Evaluate the surface integral: $ \iint\limits_S \, x^2yz\ \mathrm{d} S $ Where S is part of the plane z = 1 + 2x + 3y that lies above the rectangle [0,3] X [0,2]

I literally just don't understand the notation of this "rectangle". How is [0,3] X [0,2] a rectangle? Normally we are given vertices of some sort of shape, or instead just told something like "the part that lies in the first octant". So, I'm having trouble parameterizing the function in terms of u and v.

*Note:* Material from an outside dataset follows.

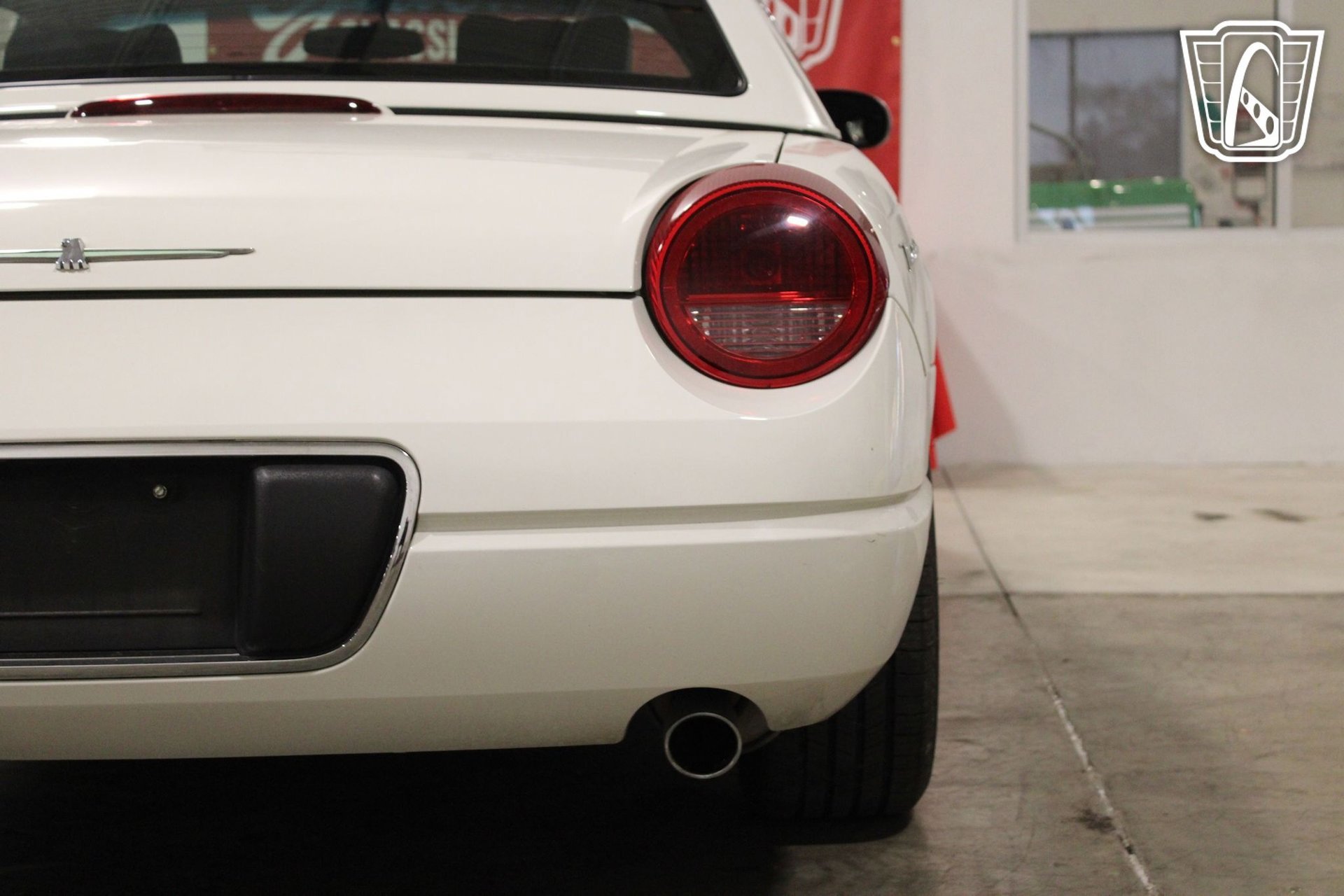 Used 2002 Ford Thunderbird image 35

Basically, what I've done so far, in terms of parameterizing is:

u = x

v = y

So, z = 1 + 2u + 3v

$ \vec{r} \ = u \vec{i} \ + v \vec{j} \ + (1 + 2u + 3v) \vec{k} \ $

$ \vec{r}_u \ = \vec{i} \ + 2 \vec{k} \ $

$ \vec{r}_v \ = \vec{j} \ + 3 \vec{k} \ $

So:

$ \vec{r}_u \times \vec{r}_v = -2\vec{i} \ - 3\vec{j} + \vec{k} \ $

Then I get stuck around this step:

$ \iint\limits_S \, u^2v(1 + 2u + 3v)\sqrt{14}\ \mathrm{d} v \, \mathrm{d} u $

I need limits of integration.

Sorry for any formatting mistakes.

Thank you for the help.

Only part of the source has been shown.